There is no certainty for sheep farmers in live animal exports, and last-ditch promises by live exporters to “re-set” their practices must be viewed with the scepticism they deserve.
That’s the strong message from the RSPCA today as it cautiously welcomed a commitment from the live export industry association as a first step in protecting Australian sheep from the live export trade for at least three months of the year.
However, the moratorium must cover the entire highest-risk period of May to October, which is recognised by government as when the largest numbers of mortalities occur; and it must form part of a measured plan to phase-out the practice for good.
The RSPCA said today’s announcement was a strategic move by the live export industry to attempt to salvage its shattered social licence, and is intended to forewarn the few remaining live sheep importers so they can plan to stockpile animals in the lead-up to the Middle Eastern summer next year.

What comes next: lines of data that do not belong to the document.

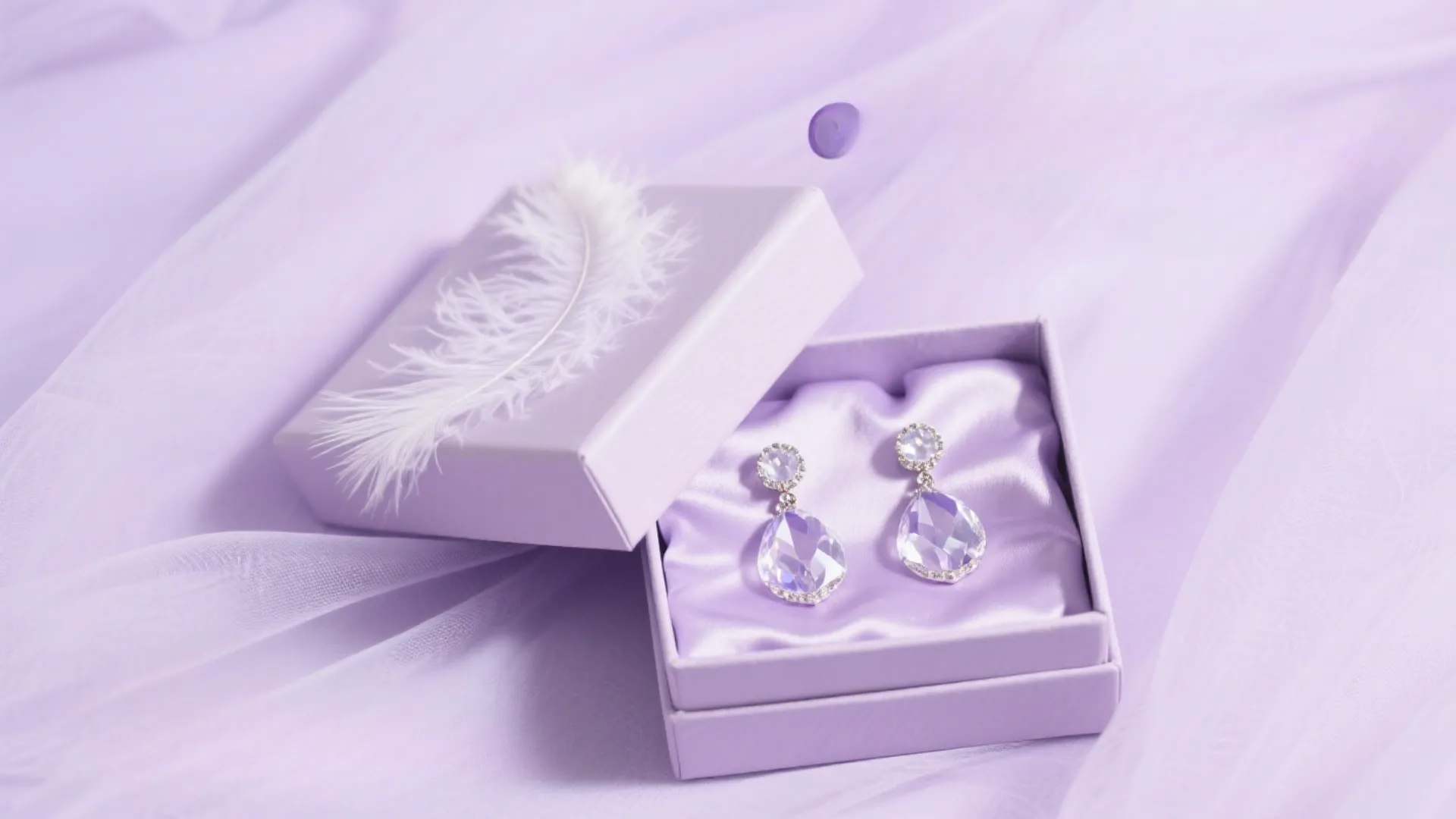 purple jewelry box with earrings on lilac fabric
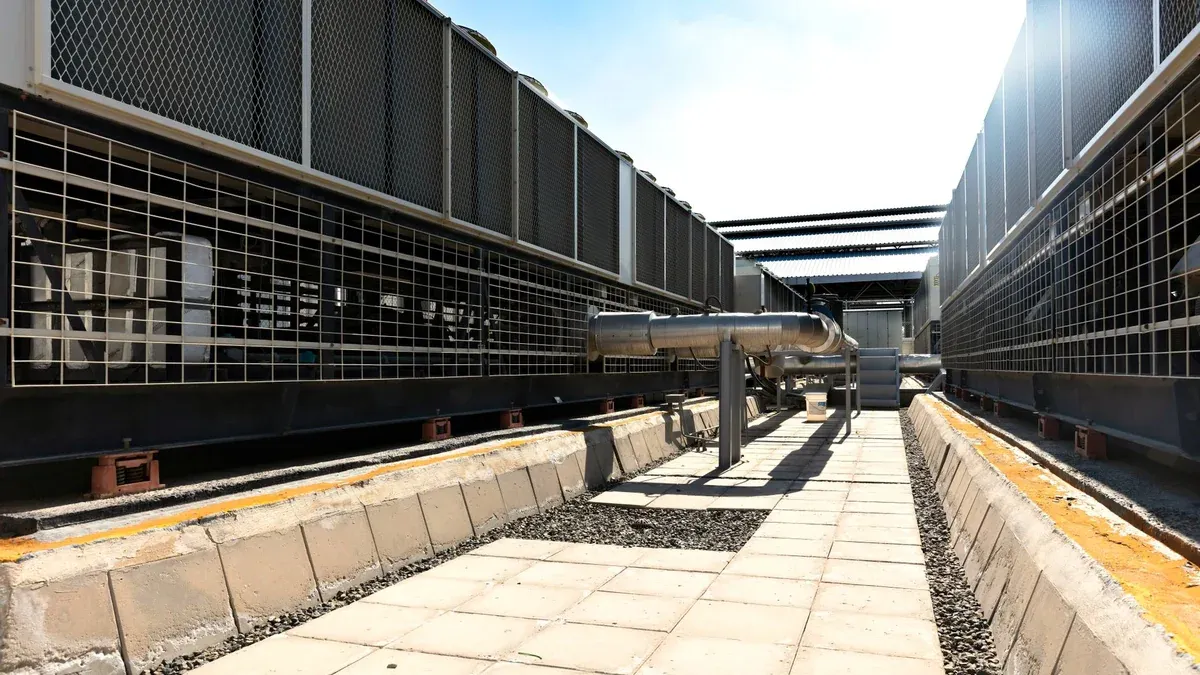 View of a large industrial cooling system with metal pipes and grids outdoors under bright daylight.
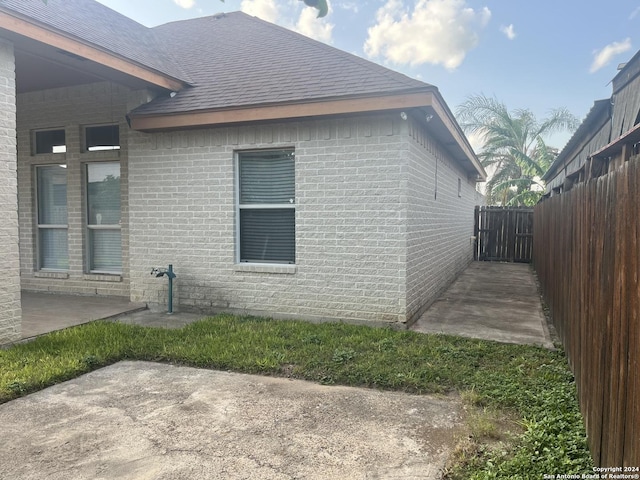 view of side of home with a patio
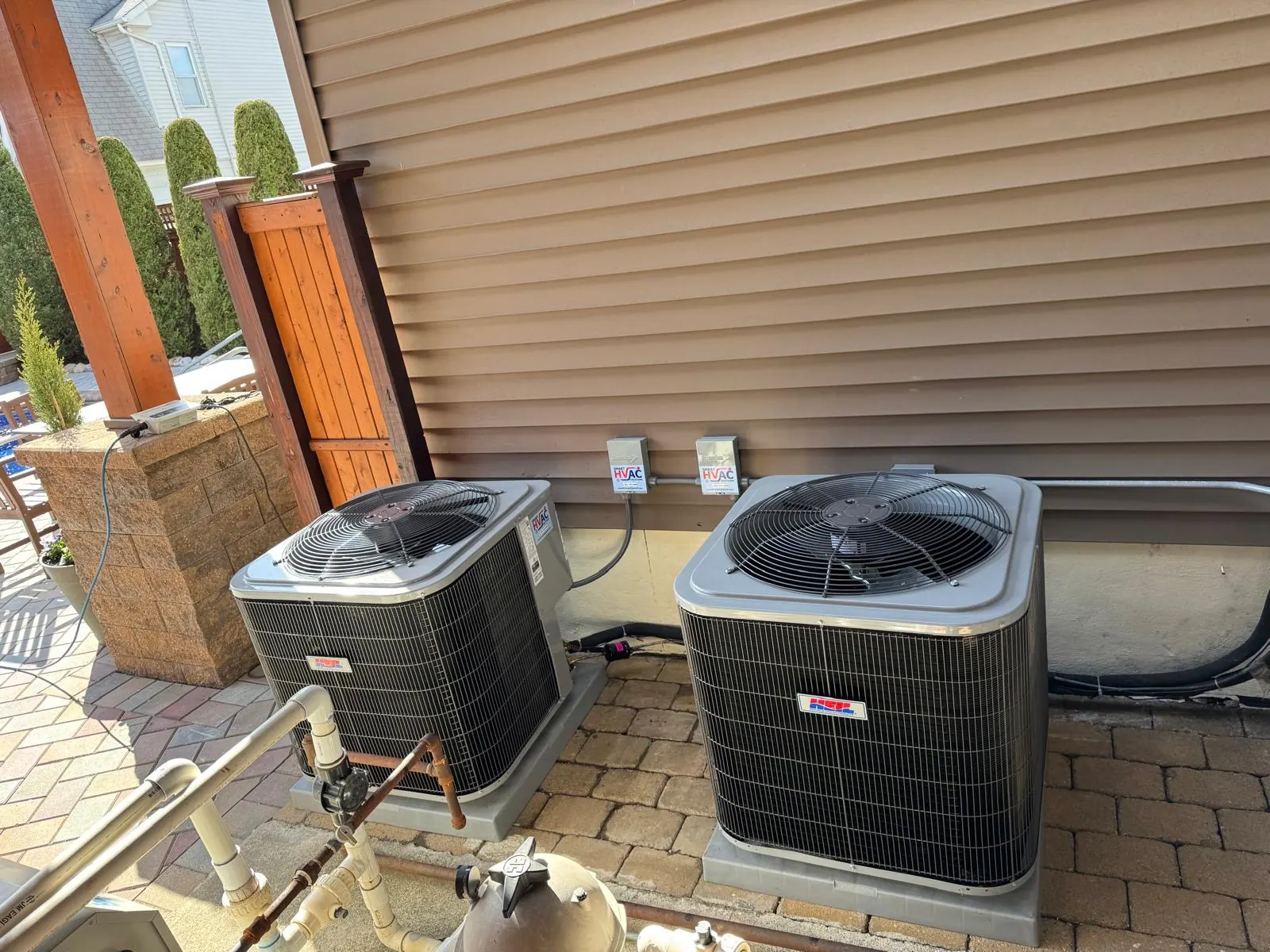 Two outdoor air conditioning condensers installed on pads beside a building with disconnect boxes and refrigerant lines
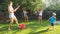 Image of happy children playing in the house backyard garden with water guns and garden hose. Family playing and having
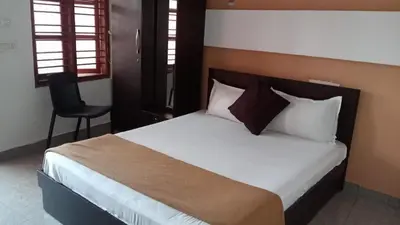 a bedroom with a bed and a chair in it at Tamar padinjarathara in Padinjarathara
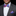Man wearing a gray suit with a colorful bow tie and pocket square against a black background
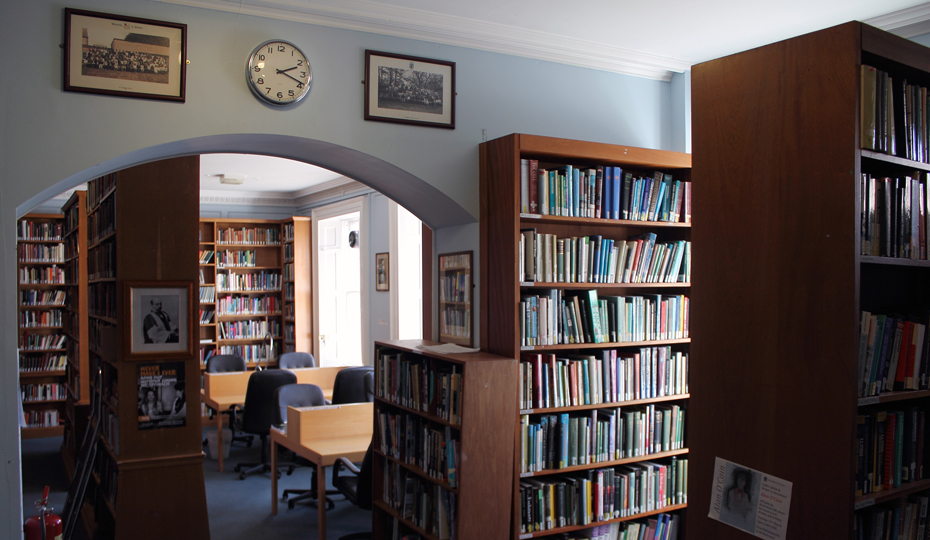 Library shelves with a view through an archway to the desks where students are reading.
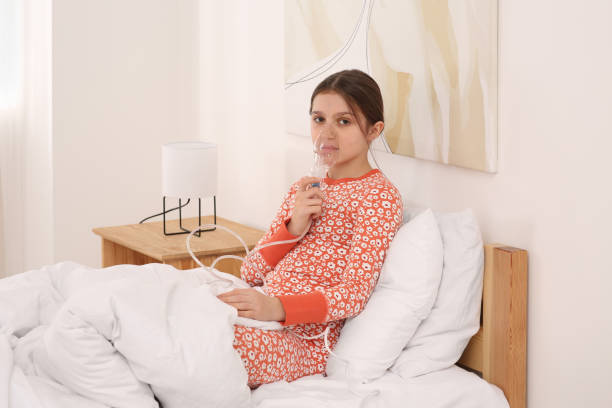 istock Cute girl using nebulizer for inhalation on bed at home 1786437643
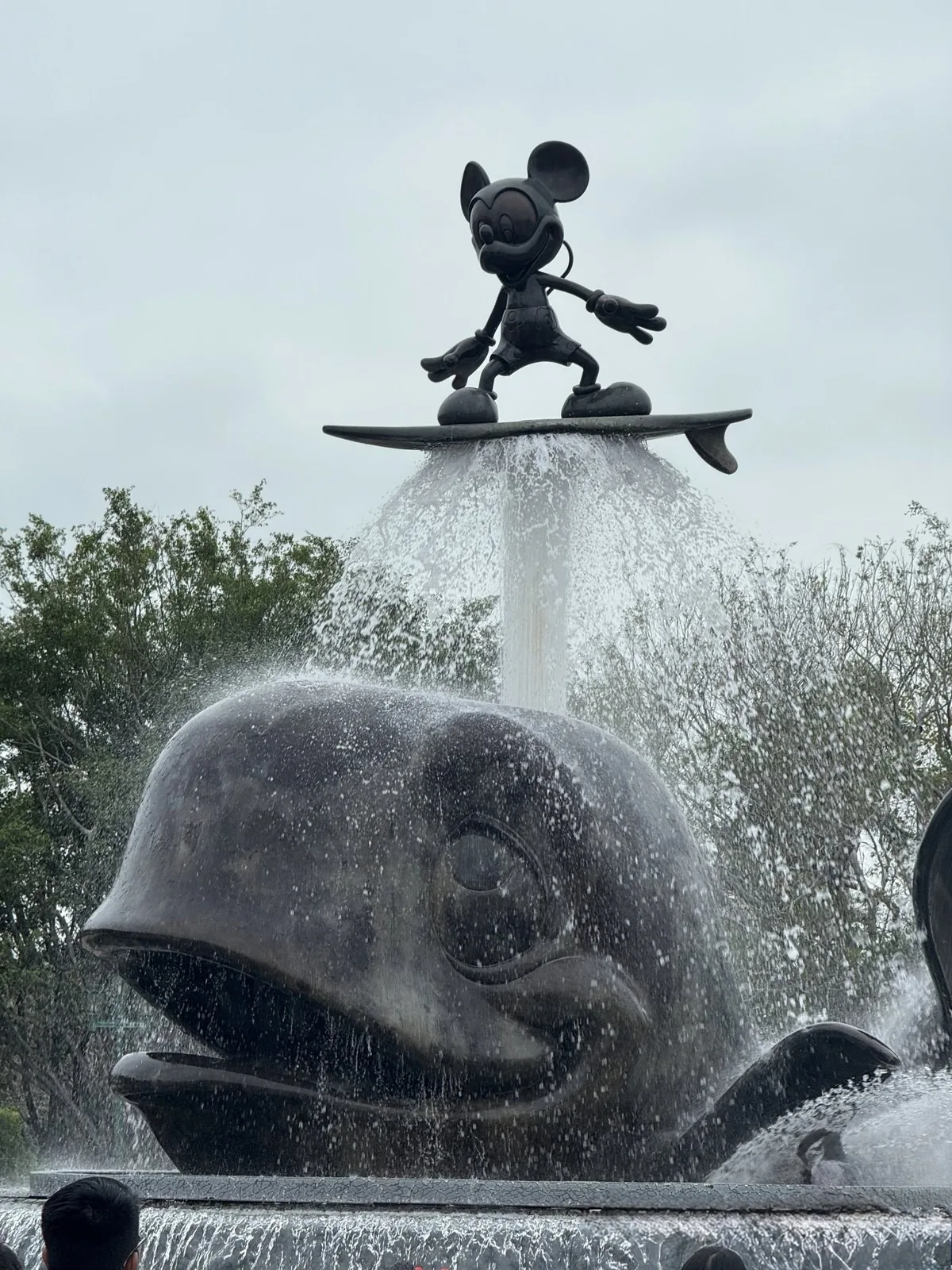 香港ディズニーランド入口の噴水。サーフボードに乗るミッキーマウス像とクジラ像から水が噴き上がっている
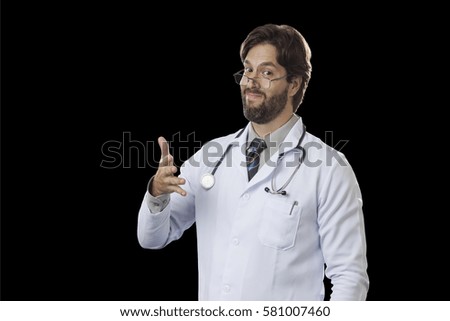 Male doctor signaling that there may be a problem on a black background.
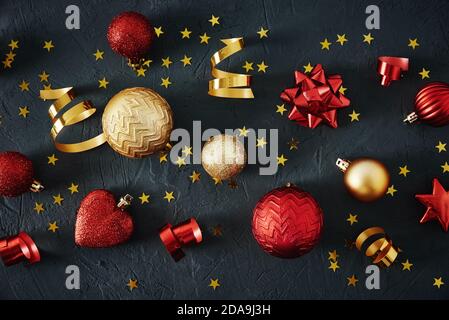 Christmas composition. Red and golden christmas baubles and festive ribbons on a dark background, top view Stock Photo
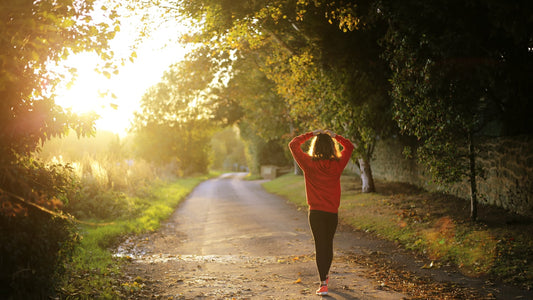 Woman in a red jacket jogging down a sunlit tree-lined country lane at sunrise
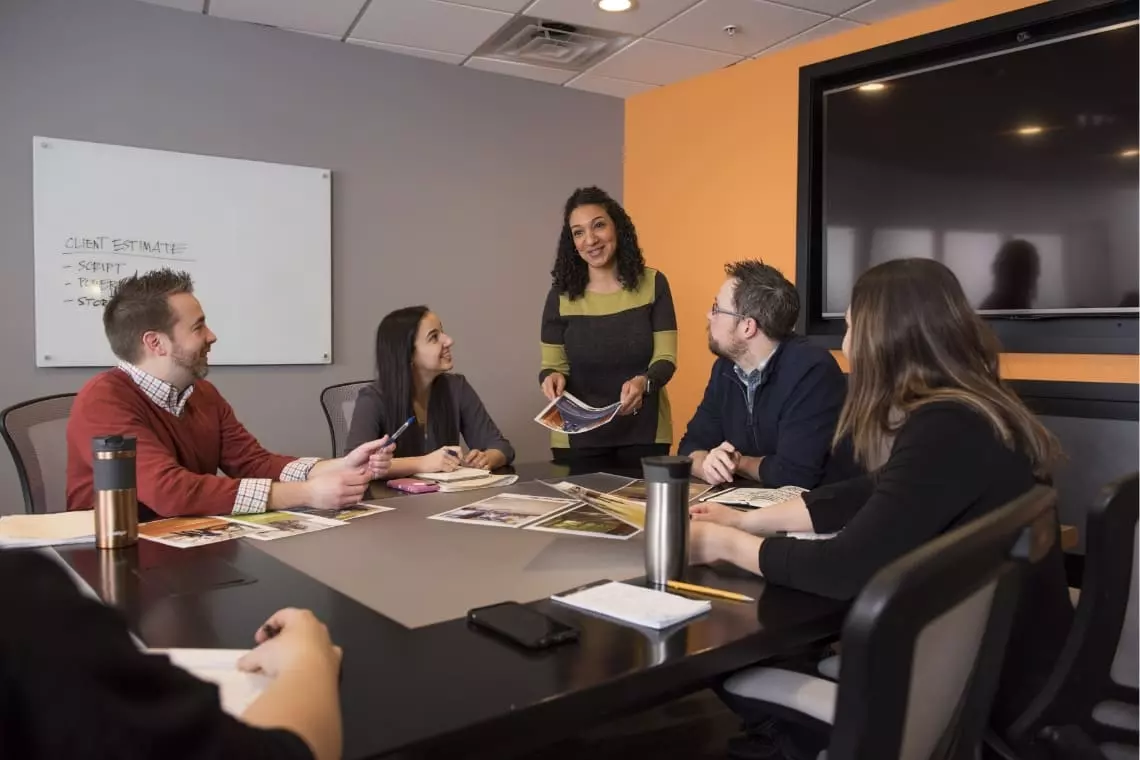 Group of coworkers discussing a project in conference room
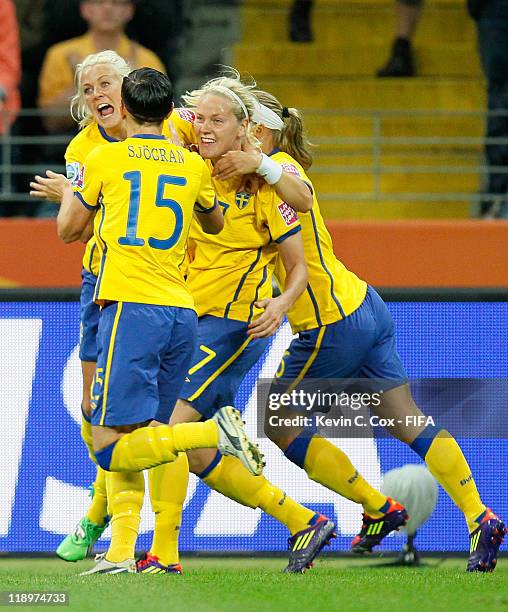 Josefine Oqvist of Sweden celebrates after scoring the first goal against Japan with Lisa Dahlkvist, Sara Thunebro and Therese Sjogran during the...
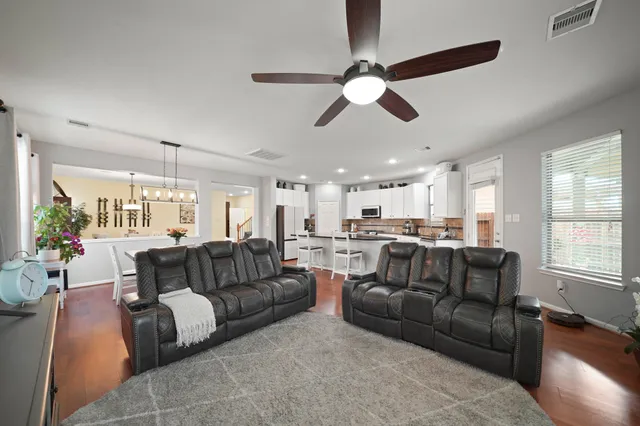 a living room with furniture ceiling fan and a window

The RSPCA also said the announcement was an attempt to pre-empt the looming release of reviews of live export standards (ASEL) and a new heat stress risk assessment (HSRA) model; both of which are likely to confirm that good animal welfare and live sheep export as we know it are incompatible.
The RSPCA also said this latest announcement must be seen for what it is: a desperate and last-ditch attempt by a dying industry, to prolong practices that Australians no longer want or support.
The RSPCA welcome the suggestion of industry-wide reforms, but highlighted that there continues to be a grave absence of evidence or ‘truth and proof’ to give these commitments any credibility.
Australians must never forget this is an industry that has fought vigorously against improvements for decades; and which oversaw and accepted the routine suffering and disastrous conditions in the trade, that will almost certainly bring about its end.